**Exercise requirements:** Each line from the beginning of the data below through the line containing "vinegar, mustard, honey, shallot, and" should be repeated exactly, please.

(Caption-style text data)

-------

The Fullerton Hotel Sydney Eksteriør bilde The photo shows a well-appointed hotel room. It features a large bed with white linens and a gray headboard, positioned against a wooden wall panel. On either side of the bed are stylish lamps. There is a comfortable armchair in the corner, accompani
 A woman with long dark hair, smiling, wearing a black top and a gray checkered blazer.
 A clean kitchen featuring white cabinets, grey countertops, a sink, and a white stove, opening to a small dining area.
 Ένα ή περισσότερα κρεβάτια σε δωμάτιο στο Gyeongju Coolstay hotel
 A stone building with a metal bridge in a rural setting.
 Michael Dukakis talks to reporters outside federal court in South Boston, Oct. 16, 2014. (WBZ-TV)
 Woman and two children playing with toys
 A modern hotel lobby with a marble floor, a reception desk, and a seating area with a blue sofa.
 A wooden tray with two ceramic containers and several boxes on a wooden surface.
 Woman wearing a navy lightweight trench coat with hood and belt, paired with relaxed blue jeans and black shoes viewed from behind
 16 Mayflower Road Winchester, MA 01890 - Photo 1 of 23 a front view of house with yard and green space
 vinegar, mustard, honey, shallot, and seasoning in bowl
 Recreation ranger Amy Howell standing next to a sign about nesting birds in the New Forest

-------

**Solution:**
The Fullerton Hotel Sydney Eksteriør bilde The photo shows a well-appointed hotel room. It features a large bed with white linens and a gray headboard, positioned against a wooden wall panel. On either side of the bed are stylish lamps. There is a comfortable armchair in the corner, accompani
 A woman with long dark hair, smiling, wearing a black top and a gray checkered blazer.
 A clean kitchen featuring white cabinets, grey countertops, a sink, and a white stove, opening to a small dining area.
 Ένα ή περισσότερα κρεβάτια σε δωμάτιο στο Gyeongju Coolstay hotel
 A stone building with a metal bridge in a rural setting.
 Michael Dukakis talks to reporters outside federal court in South Boston, Oct. 16, 2014. (WBZ-TV)
 Woman and two children playing with toys
 A modern hotel lobby with a marble floor, a reception desk, and a seating area with a blue sofa.
 A wooden tray with two ceramic containers and several boxes on a wooden surface.
 Woman wearing a navy lightweight trench coat with hood and belt, paired with relaxed blue jeans and black shoes viewed from behind
 16 Mayflower Road Winchester, MA 01890 - Photo 1 of 23 a front view of house with yard and green space
 vinegar, mustard, honey, shallot, and seasoning in bowl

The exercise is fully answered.